#### SUPPLIED MATERIAL ####

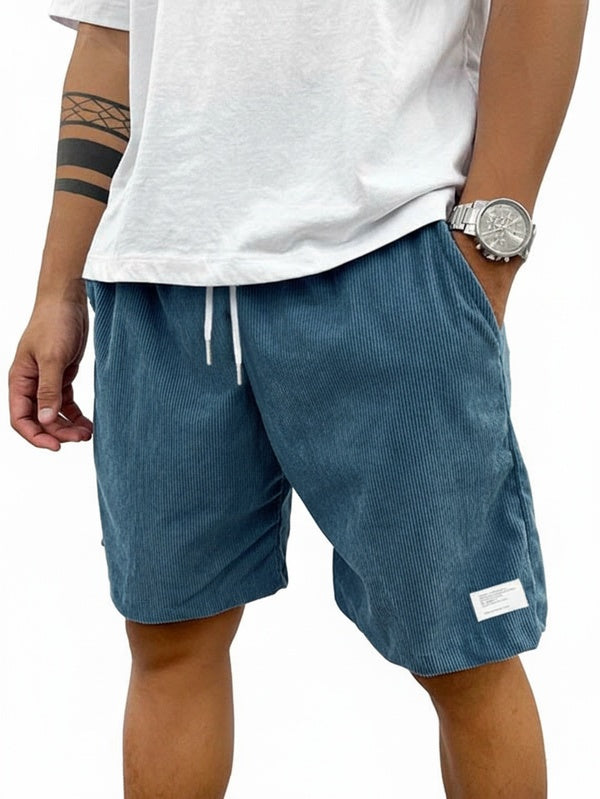 Heren Shorts met Elastische Taille en Koordjes, Relaxed Fit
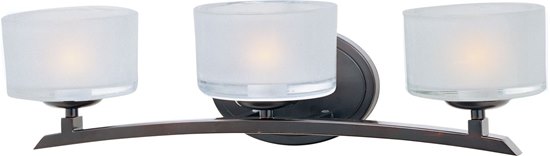 Picture of 60W Elle 3-Light Bath Vanity OI Frosted Glass G9 Frost Xenon 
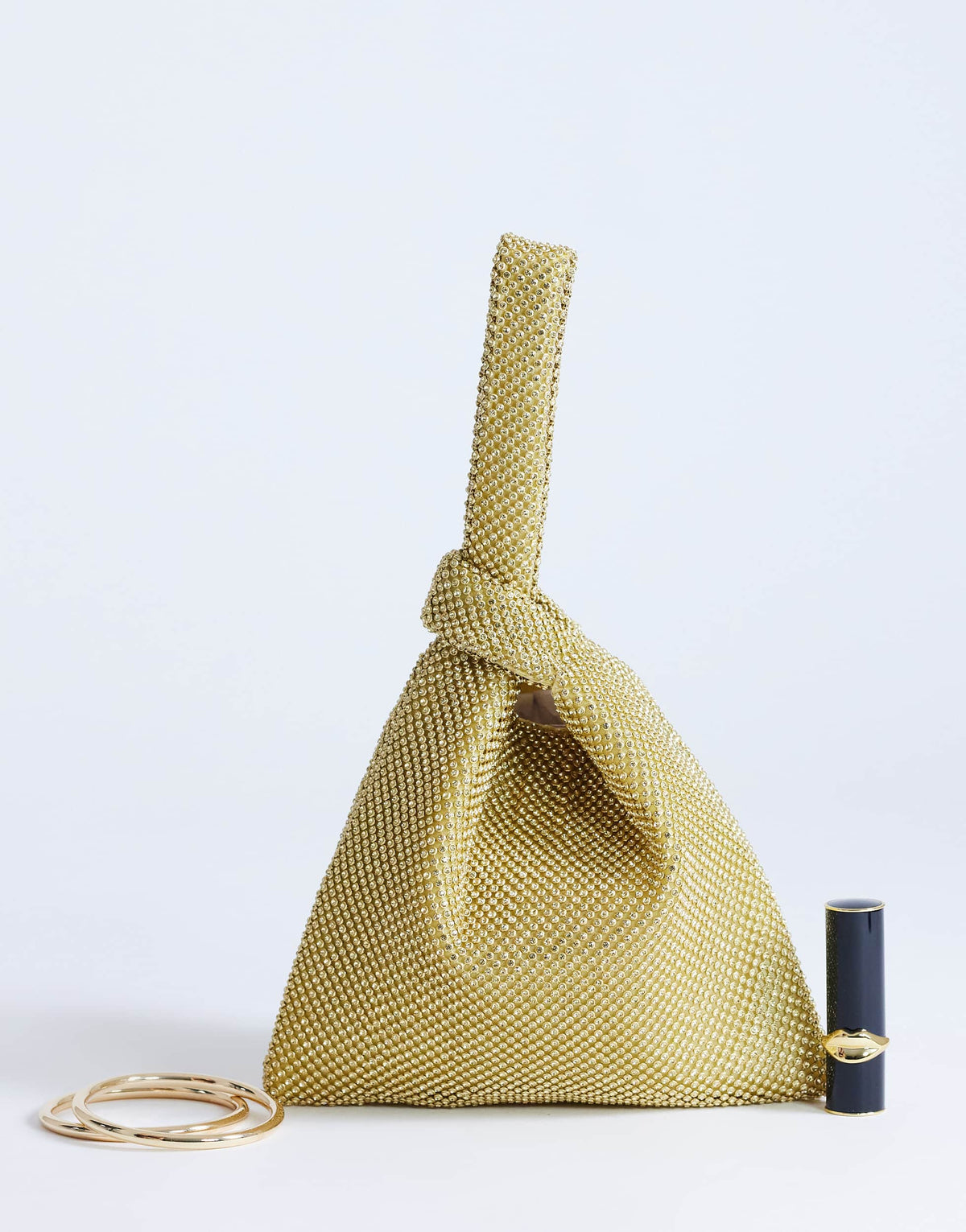 Topshop Gwyn embellished grab bag in gold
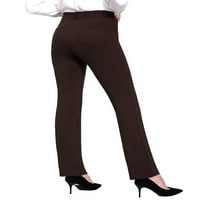 Frobukio ženski stručnjak visokih struka čvrste hlače Ležerne prilike slabe poslovne ravno joga hlače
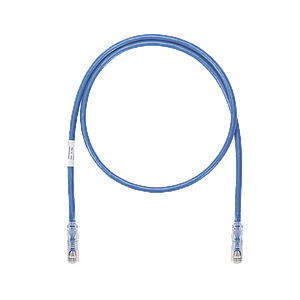 Cable de Parcheo UTP, Cat6A, 26 AWG, CM, Color Azul, 7ft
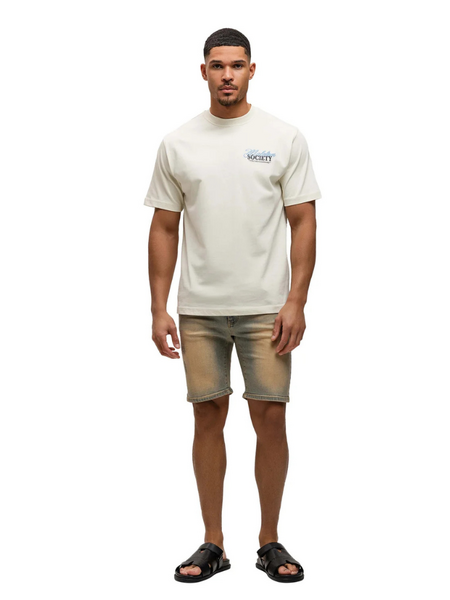 Malelions Malelions Society T-Shirt - Off-White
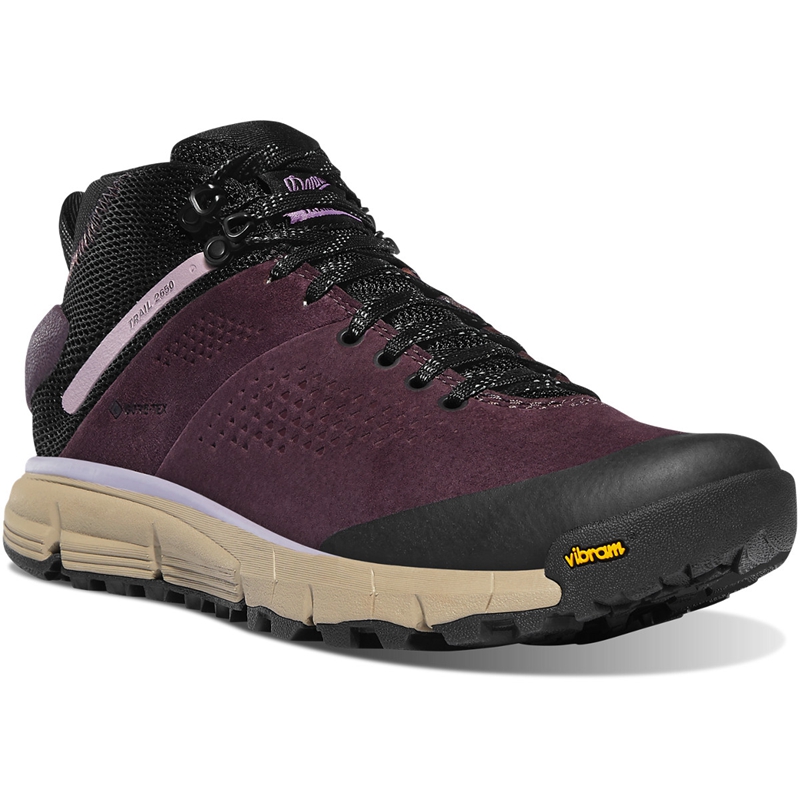 Purple Danner Trail 2650 GTX Mid Women's Combat Boots | ODXK15630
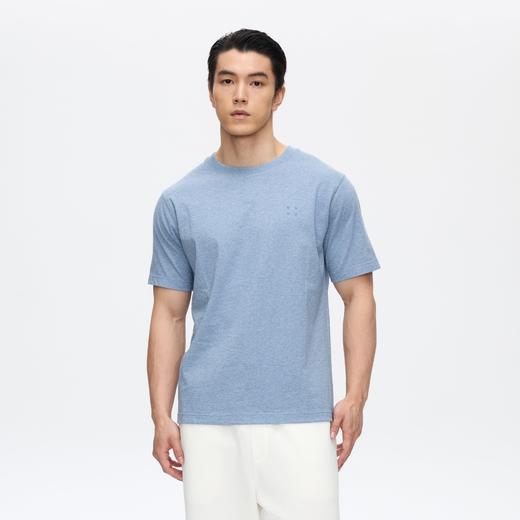 Oneup花纱正肩复古短袖T恤 商品图0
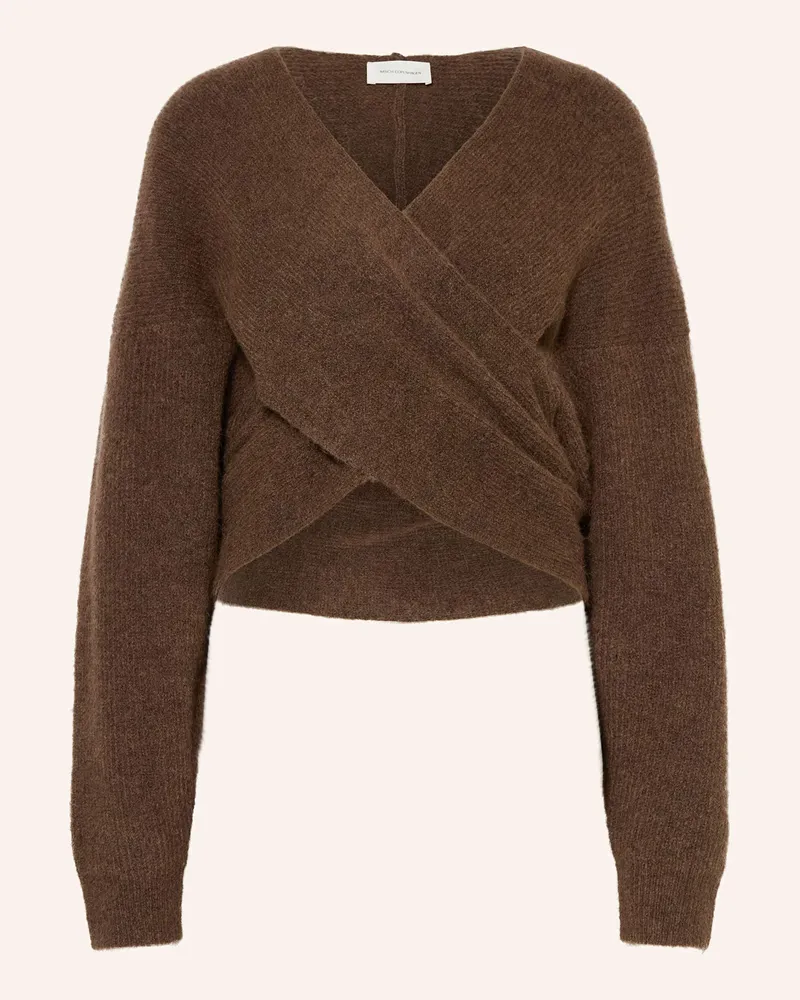 MOSS COPENHAGEN Pullover MSCHZINELLE HOPE in Wickeloptik Braun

####

■ WORK TASK: Repeat the records above exactly. Pictures do not belong in the copy.

■ ANSWER SECTION:
 Heren Shorts met Elastische Taille en Koordjes, Relaxed Fit
 Picture of 60W Elle 3-Light Bath Vanity OI Frosted Glass G9 Frost Xenon 
 Topshop Gwyn embellished grab bag in gold
 Frobukio ženski stručnjak visokih struka čvrste hlače Ležerne prilike slabe poslovne ravno joga hlače
 Cable de Parcheo UTP, Cat6A, 26 AWG, CM, Color Azul, 7ft
 Malelions Malelions Society T-Shirt - Off-White
 Purple Danner Trail 2650 GTX Mid Women's Combat Boots | ODXK15630
 Oneup花纱正肩复古短袖T恤 商品图0
 MOSS COPENHAGEN Pullover MSCHZINELLE HOPE in Wickeloptik Braun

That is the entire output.